第8章 そして嵐は突然に…
ーデミウルゴスsideー
シャルティアが反旗を翻し、レミエル様があらゆる仮定をし、私たちに的確に指示を出した。
そんな主人が今度はとても先程と同じ人物とは思えないほど、儚く弱々しいお声で発した言葉とお顔に驚愕した。
「…これは私の独り言です。私は皆を愛しているわ。誰一人として失うなんて考えたくないっ…!だからどうか…必ず私の元へ無事に帰ってきて」
至高の御方の愛をお伝え戴けただけでも私達守護者にとって至極光栄なこと。それが私達の為に涙までお流しになられるそのお姿に目を離せずにいた。

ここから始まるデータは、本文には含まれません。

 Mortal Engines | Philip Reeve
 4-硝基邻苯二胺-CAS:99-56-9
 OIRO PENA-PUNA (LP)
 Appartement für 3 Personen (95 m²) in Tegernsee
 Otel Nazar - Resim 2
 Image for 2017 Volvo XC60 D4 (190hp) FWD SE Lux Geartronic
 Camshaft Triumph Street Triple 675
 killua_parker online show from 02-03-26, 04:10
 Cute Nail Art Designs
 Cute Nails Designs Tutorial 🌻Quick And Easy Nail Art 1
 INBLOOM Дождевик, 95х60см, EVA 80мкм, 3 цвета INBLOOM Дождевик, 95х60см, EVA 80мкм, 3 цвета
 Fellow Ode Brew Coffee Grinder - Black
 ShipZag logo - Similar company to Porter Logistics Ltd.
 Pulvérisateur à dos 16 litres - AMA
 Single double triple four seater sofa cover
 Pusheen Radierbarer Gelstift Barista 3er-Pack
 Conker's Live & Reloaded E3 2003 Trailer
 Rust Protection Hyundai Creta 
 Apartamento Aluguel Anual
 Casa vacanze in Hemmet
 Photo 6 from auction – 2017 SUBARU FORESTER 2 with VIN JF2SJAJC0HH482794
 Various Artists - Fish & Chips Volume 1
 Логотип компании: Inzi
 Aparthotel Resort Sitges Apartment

「守護者皆、レミエル様、アインズ様の元へ必ず帰還をお約束致します」
「っ!ありがとう…、主君らしくない姿を見せましたね、ごめんなさい。…では直ちに行動を!」
「「「「「はっ」」」」」
準備の為にと転移でお部屋に戻られたレミエル様がいなくなった玉座の間には感動と緊張感が漂っていた。
「レミエル様、泣いてたね…」
「う、うん…」
「レミエル様ハ心オ優シキ御仁。我ラ一人一人二慈愛ヲ向ケテ下サッタノダ、ソノオ心二恥ジヌ成果ヲオ見セシナクテハイケナイ」
「そうだね。慈悲深きお言葉を戴けたのですからそれ以上の忠義で返さなくてはいけない。アルベド、指示をくれるかい」
「調査には私とアウラで向かいます。デミウルゴスとジャックは引き続き任務を続行、マーレとコキュートスは第1、第2、第3階層の代理守護を」
「では私は任務に戻る前にレミエル様へご挨拶に行ってきます。」
「ええ、アウラ精鋭部隊を揃えてここへ」
「わかった」
ジャックは先に帰ると転移で任務先へ帰還した為、一人でレミエル様の御部屋に向かった。
コンコン、ガチャ
「っ!デミウルゴス…!どうしたの?」
「私は任務に戻ることになりましたのでご挨拶に。レミエル様、我らの為に貴女様がそこまで悲しまれることはありません」
「何を言っているの…!?シャルティアはナザリックの一員!彼女がここから消えることを私は望まない!!!!!!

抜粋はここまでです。